[Exercise]:
Print every line of the listing below, starting with the line that holds "Double Terminated Quartz crystal 83g" and going on through the line that holds "WG-geeignete ruhige und", both included, and print nothing else.

[Source material]:
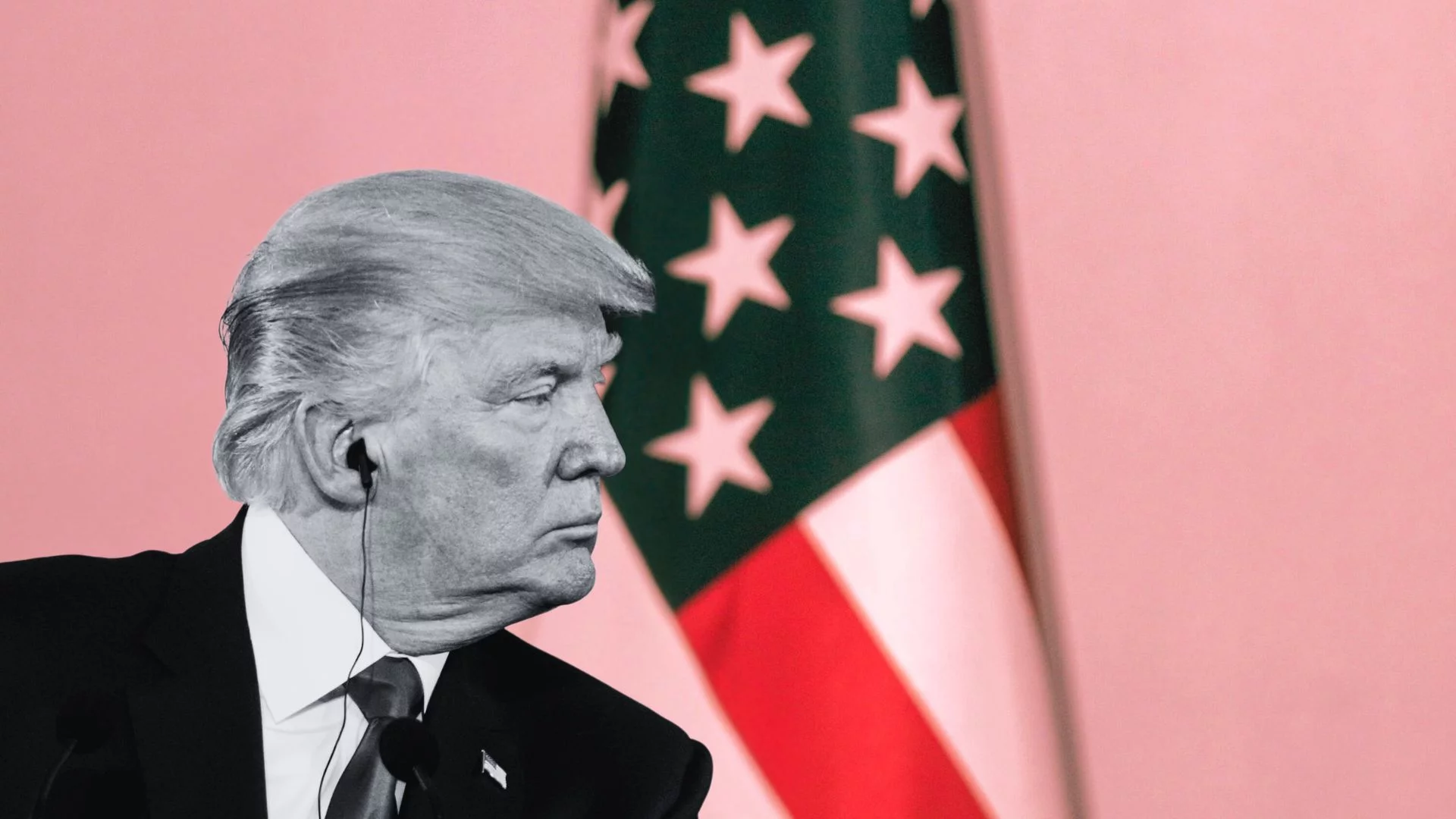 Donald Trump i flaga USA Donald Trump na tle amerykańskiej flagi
---
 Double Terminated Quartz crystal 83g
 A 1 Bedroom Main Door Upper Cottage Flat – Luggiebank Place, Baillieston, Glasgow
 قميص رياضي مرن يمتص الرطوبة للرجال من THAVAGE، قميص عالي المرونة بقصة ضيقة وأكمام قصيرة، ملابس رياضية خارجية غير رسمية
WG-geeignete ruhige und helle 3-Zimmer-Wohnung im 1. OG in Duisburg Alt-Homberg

[Answer to the problem]:
 Double Terminated Quartz crystal 83g
 A 1 Bedroom Main Door Upper Cottage Flat – Luggiebank Place, Baillieston, Glasgow
 قميص رياضي مرن يمتص الرطوبة للرجال من THAVAGE، قميص عالي المرونة بقصة ضيقة وأكمام قصيرة، ملابس رياضية خارجية غير رسمية
WG-geeignete ruhige und helle 3-Zimmer-Wohnung im 1. OG in Duisburg Alt-Homberg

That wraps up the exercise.